A little context before anyone strokes out here. A group of us were on our way home from an FCW mission trip in India. We decided in advance to enjoy a layover in Amsterdam. Further, I asked if a couple of them would join me in meeting with a sex worker. My son and a young lady, Becca, agreed to do so. The group pooled money to "buy some time" with her. The rest would be praying for our time together. 

Once the decision was set in motion, the subsequent task was to seek out a sex worker who would –and could—talk to us. Since many of the girls spoke Dutch, it was a bit of a chore. We did not want to approach the ladies at night when they had customers, so we sought them out during the daylight hours (for obvious reasons). We had a few strikeouts, but then we met one young, blond, 23-year-old who spoke good English and was willing to honor our curious request. 

Initially, she was surprised that a middle-aged dude, a young man, and a young girl from America wanted to "just talk”—to get to know her and her world. With minimal persuasion, she timidly said, "Sure!" 

A buck is a buck…

We agreed on a price to "just talk," and we selected a local café for the one-hour conversation the following day.

During the 60-minute conversation, with our soft drinks and chocolate croissants in hand, she shared about her life and her choice to be a sex worker. It was mesmerizing and fascinating. 

She said her name was Denise.

With no shame or embarrassment, she shared that she took a 90-minute train ride into Amsterdam a few days a week--from a small hamlet where she lived. The money was very good and helped her support her two young children.  

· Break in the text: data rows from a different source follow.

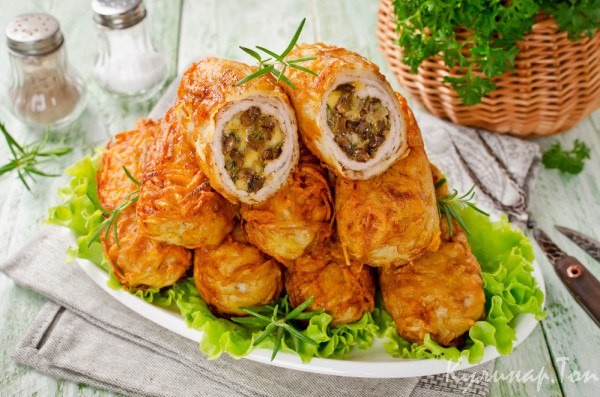 Мясные рулетики с грибами и сыром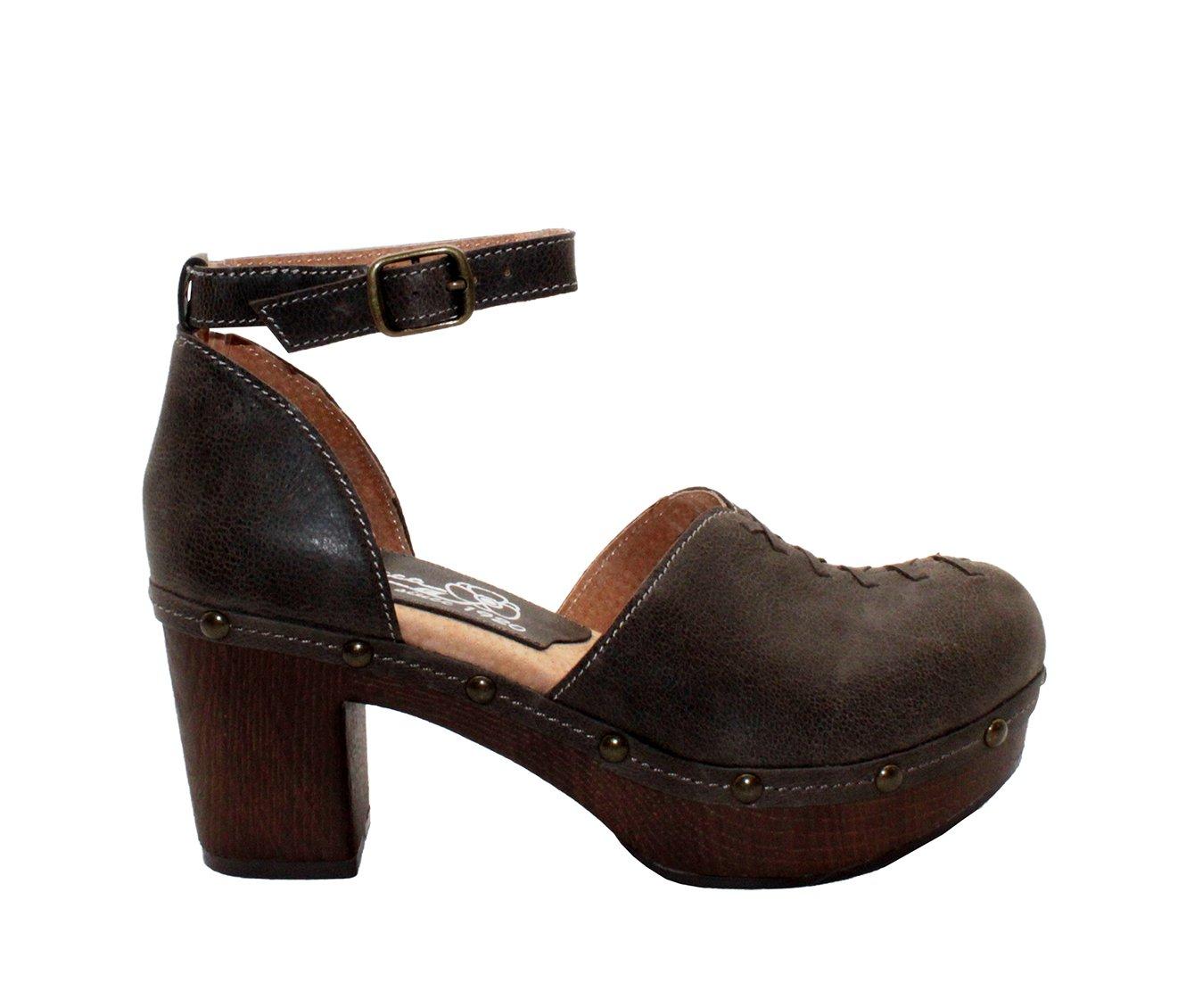 Women's SBICCA Donerail Block Heel Clogs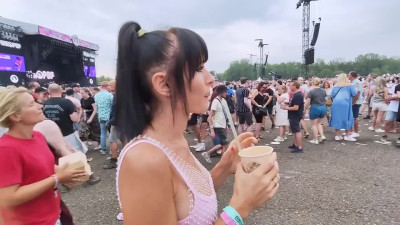 Festival fuckslut talked into taking a creampie in her pussy in a van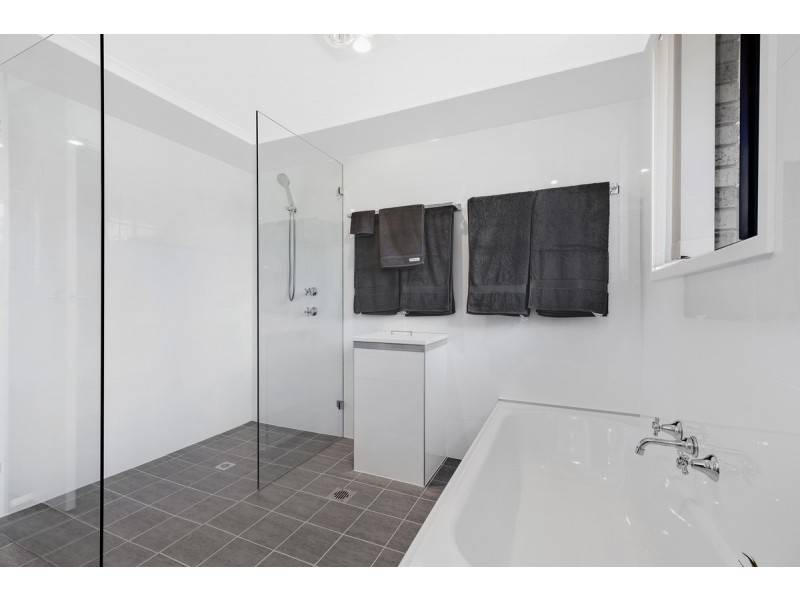69 Del Mar Drive, Copacabana NSW 2251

It was clear that she deeply loved her children. They were her world. And we believe she seemed to enjoy her career path. She provided a service, and it brought her a measure of satisfaction. She did not see herself in the sex industry forever, however. A few more years and she would move on to a new occupation-- possibly attending university. We asked questions freely, and she answered them unreservedly. 

Once our hour was up, we thanked her for her time. We offered her a bible, and I asked if I could pray for her. "Out loud?" she inquired. I nodded tentatively, and she said, "Maybe not out loud, but right here instead," pointing to her temple. I told her that would work fine and that we would pray for her and her children in the future, too. 

As we were about to leave, she said, "My real name is Danielle. Denise is my street name." She is a real person with a name who desires to be seen. Real hopes and dreams. Real joys and authentic trauma. 

We had earned her trust. I still pray for Danielle and for her children. I like to think she still remembers that conversation after all these years. I hope so. I have her picture in my den to remind me to pray for her.

I had a couple of takeaways that further fashioned and forged my worldview.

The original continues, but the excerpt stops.